Well, another weekend has come and gone and Monday is here, hotter than hell already!
One day, while we were having the house painted, there was a knock at the front door. A pleasant looking woman stood there, clipboard in hand and asked for either me or Carlos by name.
I asked what she needed and she said she was here from the County tax assessment office to measure our pool. Our. Pool.
I was a bit taken aback, because, well, although we've only lived here two years I was nearly 100% certain that we didn't have a pool. And I told Pleasant Looking Woman just that.
Are you sure?
Well, I said, if we had a pool you would have found me in it by now.
I wish we had a pool today!
Yesterday we went to see the new Harry Potter movie. It was good; I always like Harry Potter, mostly because I spend the rest of the day walking around and saying Pott-ah for no reason. But it really felt like it was merely a set-up to the next two, the last two, movies to come. Good, not great.
Now, however, as we're sitting there, waiting for the film to start, they flash the Silence Your Cell Phones Now Please sign on the screen. I was thrilled to see the woman next to me open her purse, scoop out her phone and, well, not turn it off, but turn off the ringer. Silence. I get it now. I was ready to thank her because it always seems that a phone goes off in the movie theater these days.
But, during the movie, she must have opened her purse ten or fifteen times to see if she'd gotten a call.
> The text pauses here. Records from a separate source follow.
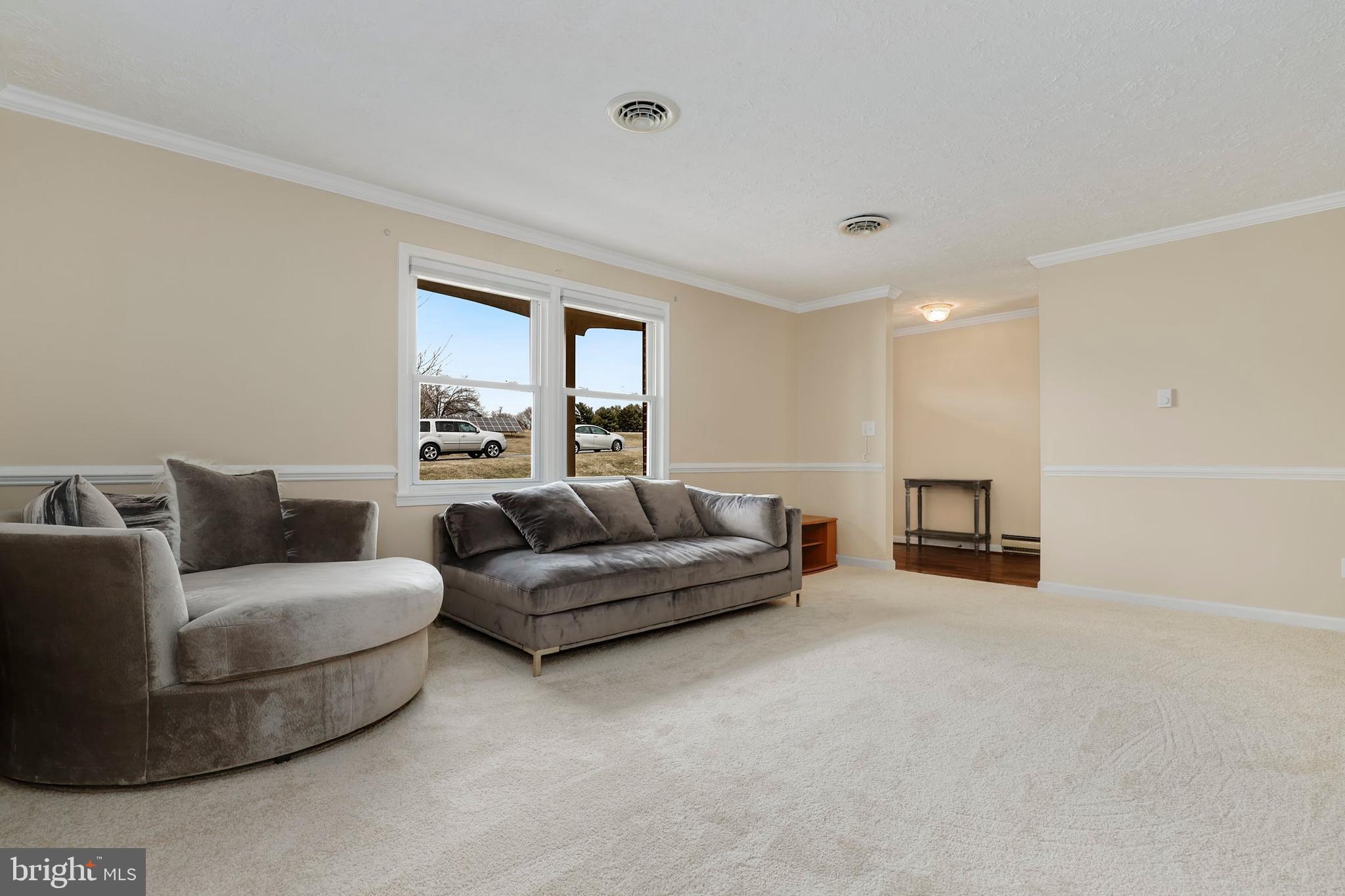 13799 Halane Street Mount Airy, MD 21771 - Photo 2 of 29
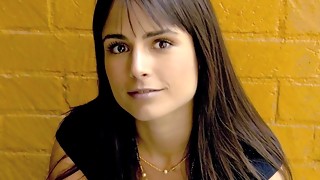 Jordana Brewster bevy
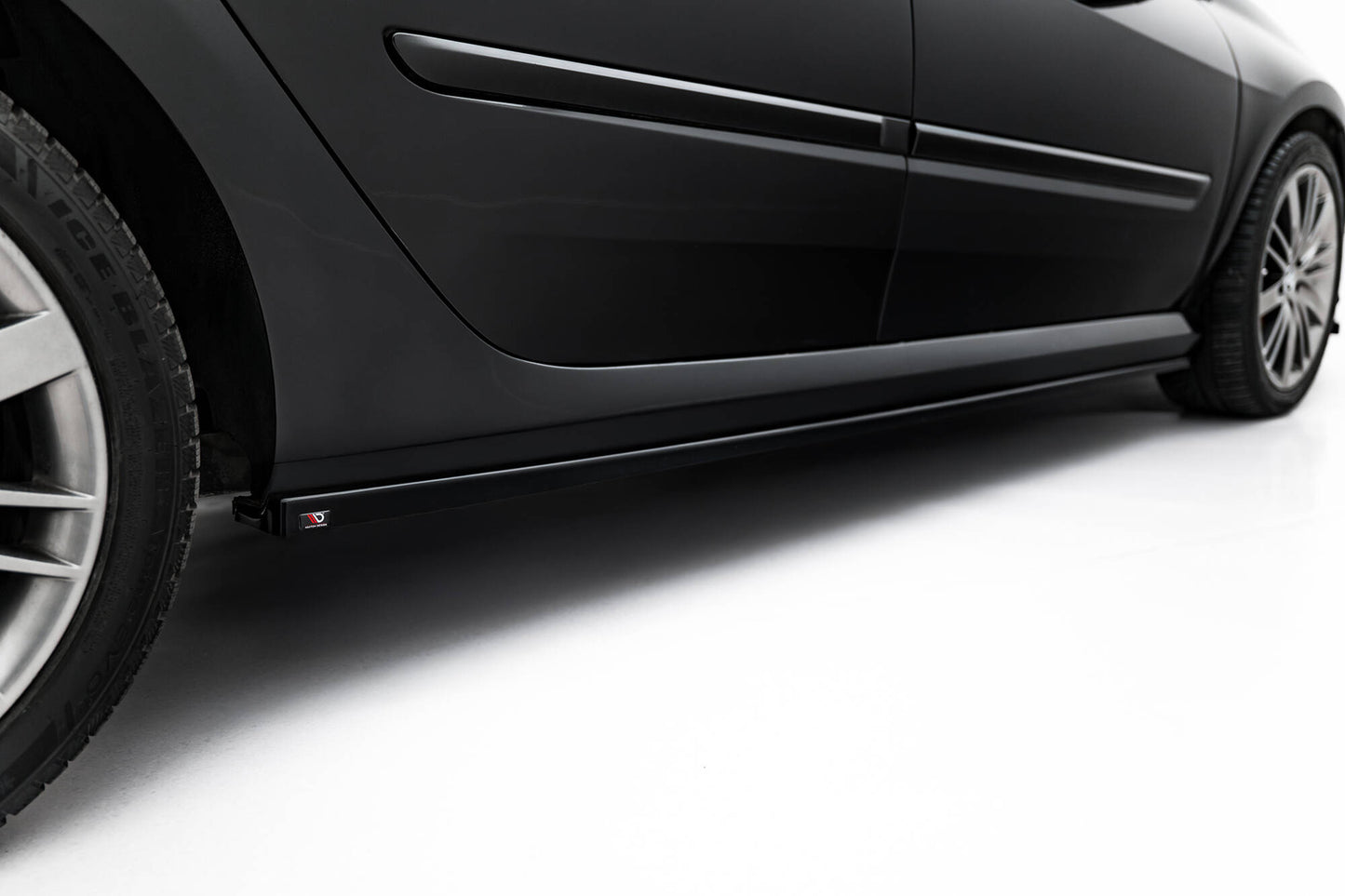 Side Skirts Diffusers Renault Laguna Hatchback GT Mk3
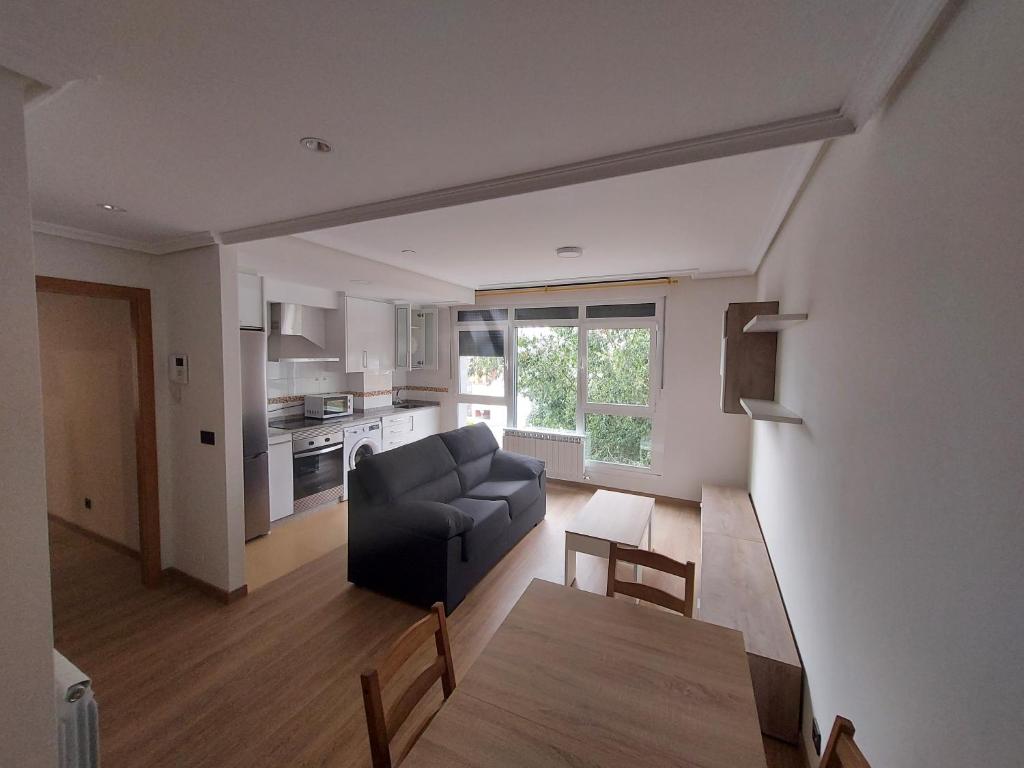 una sala de estar con un sofá y una mesa en Apartamento Xemoga, en Lugo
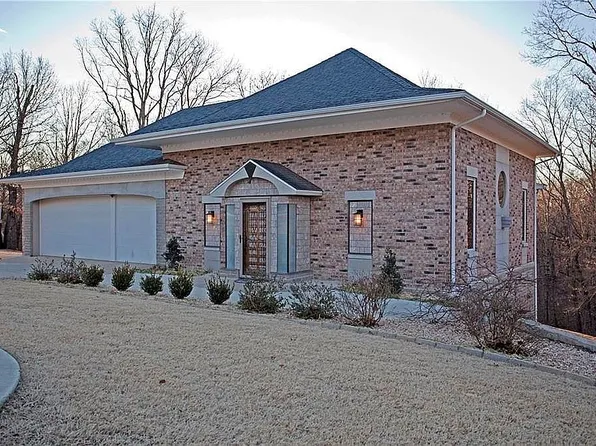 8793 Apple Gln, Rogers, AR 72756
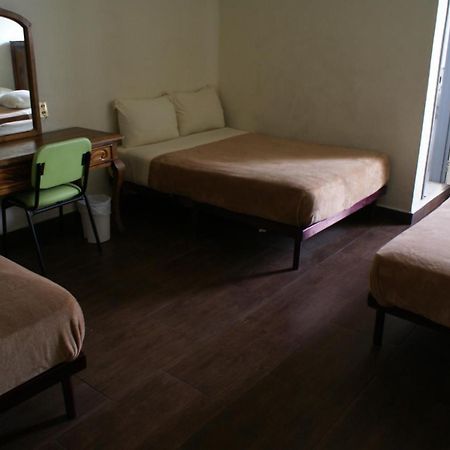 Nueva York Hotel Guadalajara Bagian luar foto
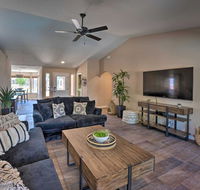 Desert Gem with Pool & BBQ, 5 Mi to Lake Havasu - Accommodation Los Angeles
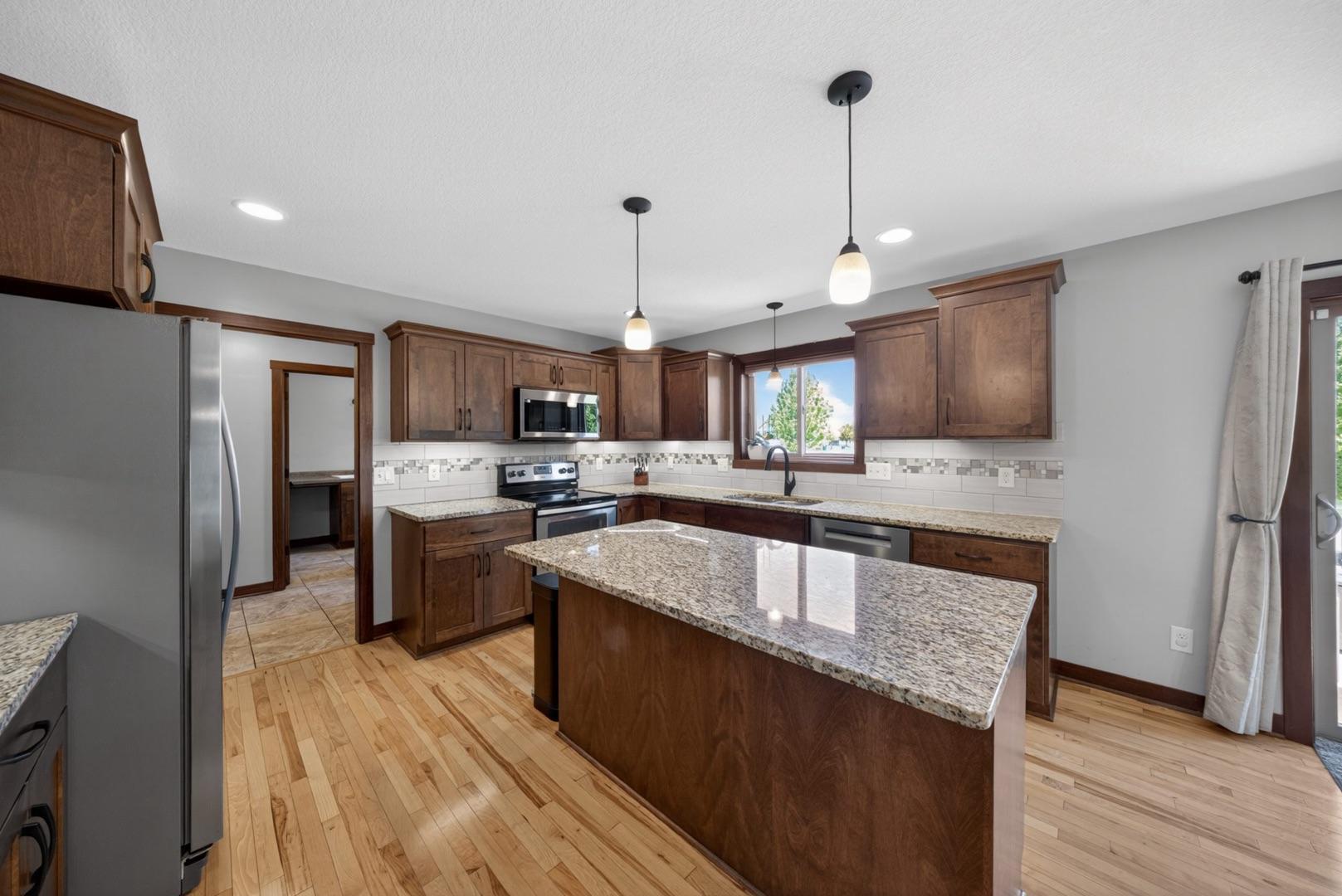 1721 Echo Ridge Street Southwest Rochester, MN 55902 - Photo 14 of 60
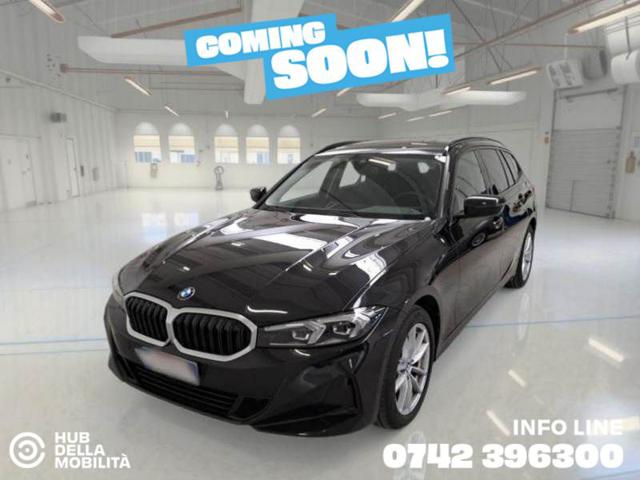 BMW 320 d 48V Touring - foto 2 di 4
And every time that bag opened and she checked her phone, a light so bright poured out of her purse I thought that I was Carol Ann and it was Poltergeist.
Go into the light, Carol Ann. Go into the light.
I was a'scurred a'that light.
Carlos took me to the movies.
Carlos made dinner. [Although to be fair the chicken was a little undercooked and had to be grilled a bit longer.]
Carlos cleaned the kitchen.
Carlos cleaned the bathroom.
I played Queen For A Day.
Carlos is still paying for Chicken-Carlos-Car Accident.
I am still not at liberty to say more.
I watched the Next Food Network Star.
Debbie got booted. I hate Debbie.
She's a liar. She's a crier.
One challenge was a group challenge and she was in charge of the cash. At the grocery store they came in over-budget and she made everyone on her team put something back while she kept all her ingredients. Then she lied to the judges about it and cried that they would question her integrity.
She was on another group challenge and only worked on her food while the rest of the team worked together and worked the room. She cried then, too.
Last week she was told she had to use anchovies, olives and capers in her food. She forgot the capers and, when questioned, she, oh, I don't know, lied about having to use capers. She said they were in the dressing; she said she didn't have capers; she said she forgot them.
Lied. Integrity. Cried.
Nathan is just the cutest little thing. I want to carry him around in my pocket and then take him out whenever I need a smile. He is so adorkable. Carlos doesn't get adorkable, but if he gets me Nathan for Christmas it'll be. The. Best. Christmas. Ever.
And then there's Dan.
I want Dan to come redo my kitchen all by himself and let me watch. And as he works and works and bends over and wears those jeans for weeks on end, I'll watch.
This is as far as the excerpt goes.